• **Records to use**:
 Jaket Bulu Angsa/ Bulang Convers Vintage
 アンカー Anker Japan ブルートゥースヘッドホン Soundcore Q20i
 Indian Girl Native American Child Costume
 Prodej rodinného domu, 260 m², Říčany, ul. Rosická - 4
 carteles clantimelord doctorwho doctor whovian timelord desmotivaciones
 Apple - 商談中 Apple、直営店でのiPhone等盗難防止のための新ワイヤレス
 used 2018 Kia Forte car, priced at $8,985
==
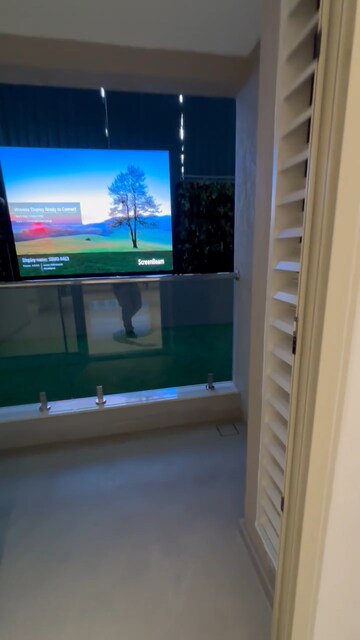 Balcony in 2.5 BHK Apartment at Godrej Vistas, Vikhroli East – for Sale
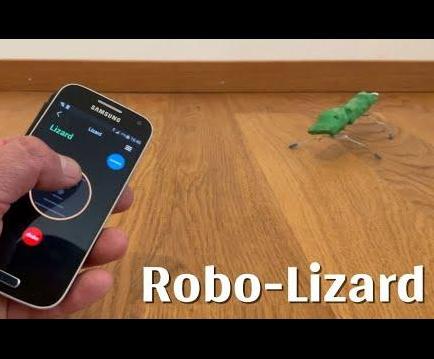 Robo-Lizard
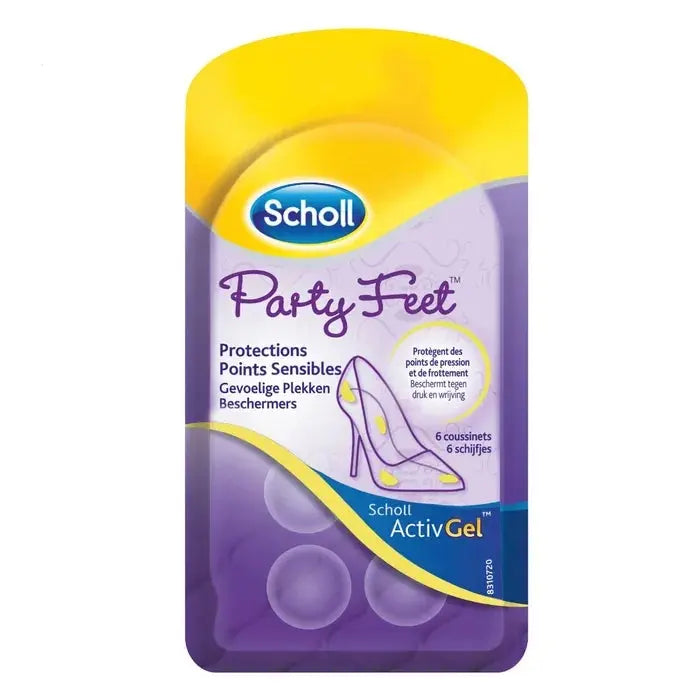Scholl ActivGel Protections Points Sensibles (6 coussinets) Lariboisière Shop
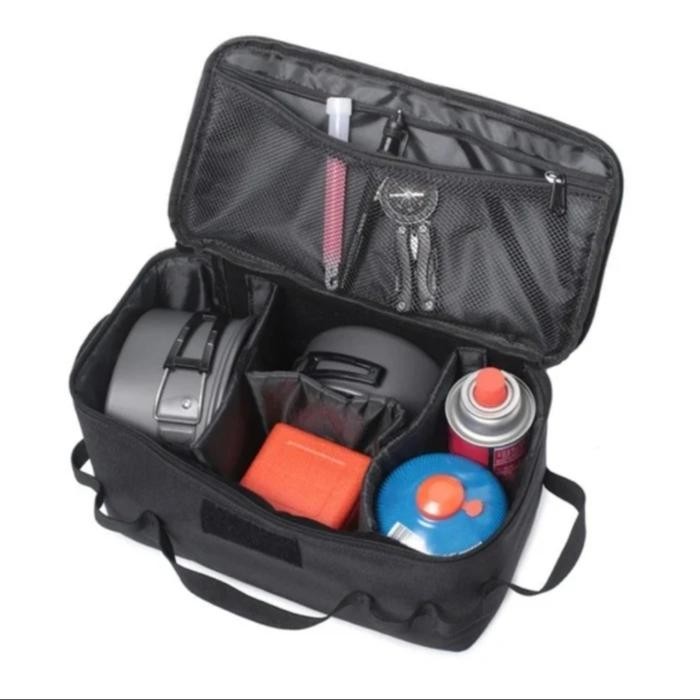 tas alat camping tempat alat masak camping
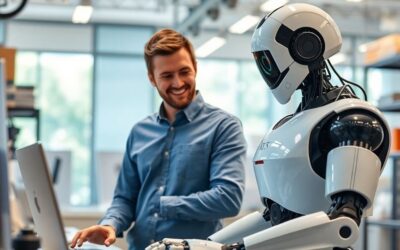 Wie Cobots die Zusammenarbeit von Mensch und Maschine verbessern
==
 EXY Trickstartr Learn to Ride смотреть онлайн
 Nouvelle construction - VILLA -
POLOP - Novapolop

• **How to complete this task**: Everything starting at the line containing "Prodej rodinného domu, 260" and ending at the line containing "used 2018 Kia Forte car, priced at $8,985" in the records above should be repeated exactly, and only that.

• **Expected output**:
 Prodej rodinného domu, 260 m², Říčany, ul. Rosická - 4
 carteles clantimelord doctorwho doctor whovian timelord desmotivaciones
 Apple - 商談中 Apple、直営店でのiPhone等盗難防止のための新ワイヤレス
 used 2018 Kia Forte car, priced at $8,985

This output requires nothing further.